_DATA_
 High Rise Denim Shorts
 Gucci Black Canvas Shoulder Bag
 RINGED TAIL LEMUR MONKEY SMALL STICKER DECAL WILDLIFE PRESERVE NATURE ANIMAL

_TASK TO CARRY OUT_
Reproduce the listing in full. Change nothing.

_ANSWER FOR THE TASK_
 High Rise Denim Shorts
 Gucci Black Canvas Shoulder Bag
 RINGED TAIL LEMUR MONKEY SMALL STICKER DECAL WILDLIFE PRESERVE NATURE ANIMAL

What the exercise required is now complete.